*How to complete this task*.
Return the records exactly as they are.

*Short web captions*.
■ ■ ■

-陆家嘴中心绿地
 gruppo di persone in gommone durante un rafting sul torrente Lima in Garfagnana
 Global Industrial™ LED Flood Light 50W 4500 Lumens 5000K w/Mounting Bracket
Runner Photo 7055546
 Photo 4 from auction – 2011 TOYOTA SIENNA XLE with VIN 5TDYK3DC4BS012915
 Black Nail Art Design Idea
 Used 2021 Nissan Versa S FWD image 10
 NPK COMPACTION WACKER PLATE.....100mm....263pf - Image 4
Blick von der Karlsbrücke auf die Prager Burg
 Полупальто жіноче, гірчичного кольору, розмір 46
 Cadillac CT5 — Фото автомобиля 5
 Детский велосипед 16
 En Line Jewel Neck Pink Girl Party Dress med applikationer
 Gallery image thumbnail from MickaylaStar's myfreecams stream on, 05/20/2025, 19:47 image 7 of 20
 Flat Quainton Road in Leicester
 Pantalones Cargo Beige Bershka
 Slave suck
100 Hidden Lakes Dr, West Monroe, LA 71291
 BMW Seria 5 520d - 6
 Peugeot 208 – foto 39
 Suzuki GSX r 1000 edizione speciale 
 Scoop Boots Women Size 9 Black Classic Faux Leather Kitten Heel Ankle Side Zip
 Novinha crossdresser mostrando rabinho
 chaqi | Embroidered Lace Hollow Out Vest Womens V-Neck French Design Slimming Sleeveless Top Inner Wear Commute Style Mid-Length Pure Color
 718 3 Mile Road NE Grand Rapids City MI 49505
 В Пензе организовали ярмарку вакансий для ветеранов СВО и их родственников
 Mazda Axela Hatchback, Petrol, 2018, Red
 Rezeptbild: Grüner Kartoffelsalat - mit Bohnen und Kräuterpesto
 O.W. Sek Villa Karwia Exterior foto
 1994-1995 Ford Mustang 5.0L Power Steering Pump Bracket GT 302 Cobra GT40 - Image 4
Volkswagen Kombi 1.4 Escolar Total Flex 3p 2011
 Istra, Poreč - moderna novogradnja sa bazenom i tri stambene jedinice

■ ■ ■

*Answer to the problem*.
-陆家嘴中心绿地
 gruppo di persone in gommone durante un rafting sul torrente Lima in Garfagnana
 Global Industrial™ LED Flood Light 50W 4500 Lumens 5000K w/Mounting Bracket
Runner Photo 7055546
 Photo 4 from auction – 2011 TOYOTA SIENNA XLE with VIN 5TDYK3DC4BS012915
 Black Nail Art Design Idea
 Used 2021 Nissan Versa S FWD image 10
 NPK COMPACTION WACKER PLATE.....100mm....263pf - Image 4
Blick von der Karlsbrücke auf die Prager Burg
 Полупальто жіноче, гірчичного кольору, розмір 46
 Cadillac CT5 — Фото автомобиля 5
 Детский велосипед 16
 En Line Jewel Neck Pink Girl Party Dress med applikationer
 Gallery image thumbnail from MickaylaStar's myfreecams stream on, 05/20/2025, 19:47 image 7 of 20
 Flat Quainton Road in Leicester
 Pantalones Cargo Beige Bershka
 Slave suck
100 Hidden Lakes Dr, West Monroe, LA 71291
 BMW Seria 5 520d - 6
 Peugeot 208 – foto 39
 Suzuki GSX r 1000 edizione speciale 
 Scoop Boots Women Size 9 Black Classic Faux Leather Kitten Heel Ankle Side Zip
 Novinha crossdresser mostrando rabinho
 chaqi | Embroidered Lace Hollow Out Vest Womens V-Neck French Design Slimming Sleeveless Top Inner Wear Commute Style Mid-Length Pure Color
 718 3 Mile Road NE Grand Rapids City MI 49505
 В Пензе организовали ярмарку вакансий для ветеранов СВО и их родственников
 Mazda Axela Hatchback, Petrol, 2018, Red
 Rezeptbild: Grüner Kartoffelsalat - mit Bohnen und Kräuterpesto
 O.W. Sek Villa Karwia Exterior foto
 1994-1995 Ford Mustang 5.0L Power Steering Pump Bracket GT 302 Cobra GT40 - Image 4
Volkswagen Kombi 1.4 Escolar Total Flex 3p 2011
 Istra, Poreč - moderna novogradnja sa bazenom i tri stambene jedinice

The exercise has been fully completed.